TO DO:
Without omitting anything, retype the data that follows.

*** INFORMATION SUPPLIED Section Begins ***

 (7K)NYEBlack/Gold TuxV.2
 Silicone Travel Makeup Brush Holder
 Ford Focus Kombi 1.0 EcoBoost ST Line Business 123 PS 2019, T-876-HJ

*** INFORMATION SUPPLIED Section Ends ***

YOUR SOLUTION:
 (7K)NYEBlack/Gold TuxV.2
 Silicone Travel Makeup Brush Holder
 Ford Focus Kombi 1.0 EcoBoost ST Line Business 123 PS 2019, T-876-HJ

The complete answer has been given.